3. There may be a problem with selecting the correct unit number for the disk
    on your system. Your probe-scsi command finds only units 3 and 6. If your
    OS is on the Quantum at unit 3, you should be booting sd(0,3,0)vmunix

        This missed the mark, as scsi addresses 0 and 3 are translated to
        devices sd3 and sd0 respectively.

4. Try powering off and back on again (with a 30 second or more delay).

5. Check that the SCSI chain is not too long. If possible try some shorter
    cables.

6. A problem with installboot.
    Try rebooting from cd-rom, boot up miniroot and reinstall the boot block.

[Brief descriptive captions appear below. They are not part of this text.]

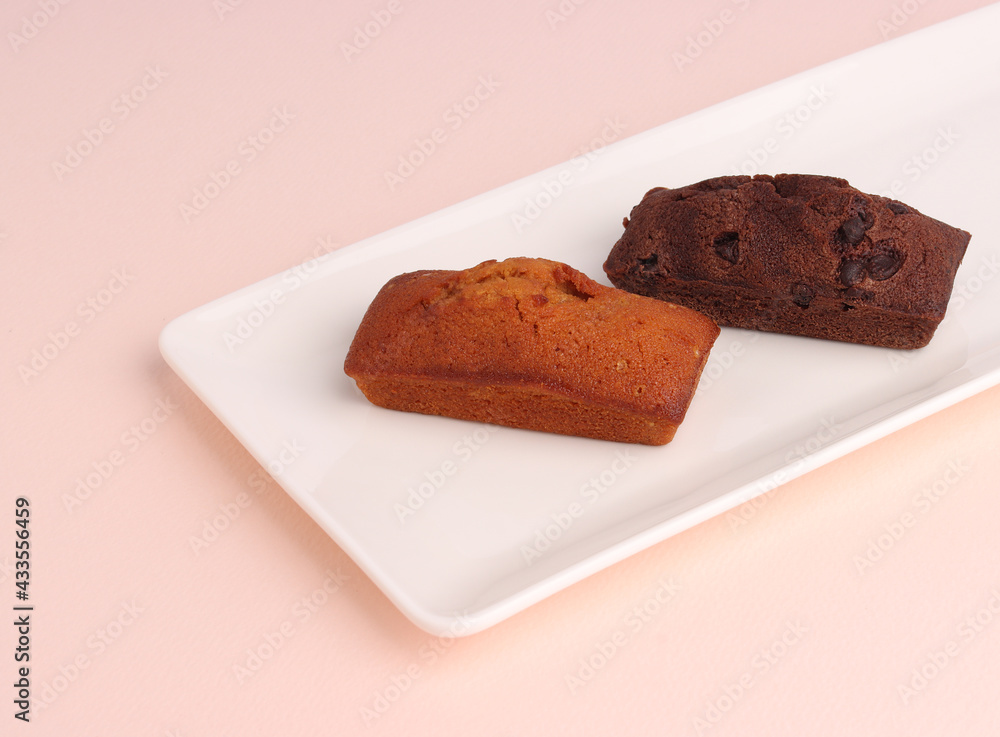 Photography financier cake isolated in pink background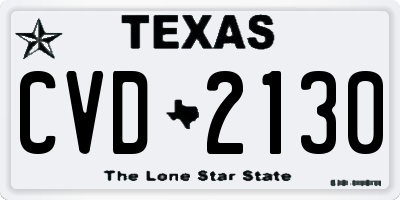 TX license plate CVD2130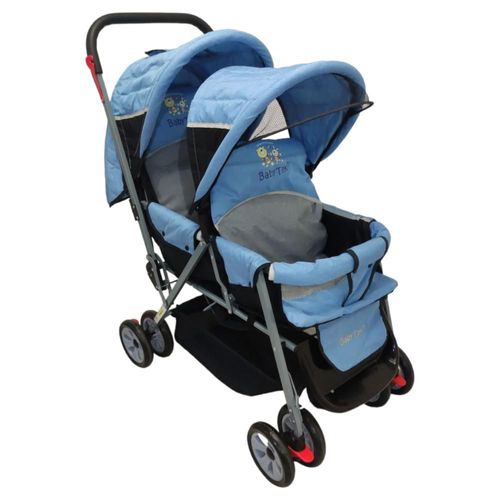 Carriola Doble para Bebe y Niño Gemelar Plegable 8 llantas Azul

        This wouldn't work for me, as the sd0a file partition was being trashed.
        An fsck on this partition reported a few wierd errors that confirmed
        that I no longer had a valid filesystem on this partition.

7. Wrong architecture?
    Someone managed to install Sun4 OS instead of Sun4c.

8. Incorrectly creating swap files using `mkfile -n ...'.
    You should not use "-n" for swap files.

9. A faulty SCSI terminator.

10. Be careful about the order you switch things on. I am told that Sun
    machines will generate some `noise' on the scsi the moment the system is
    powered up. Avoid problem by powering up the external scsi devices a few
    seconds after switching on the sun. Hopefully your disks will spin up
    while the sun is still doing its internal tests.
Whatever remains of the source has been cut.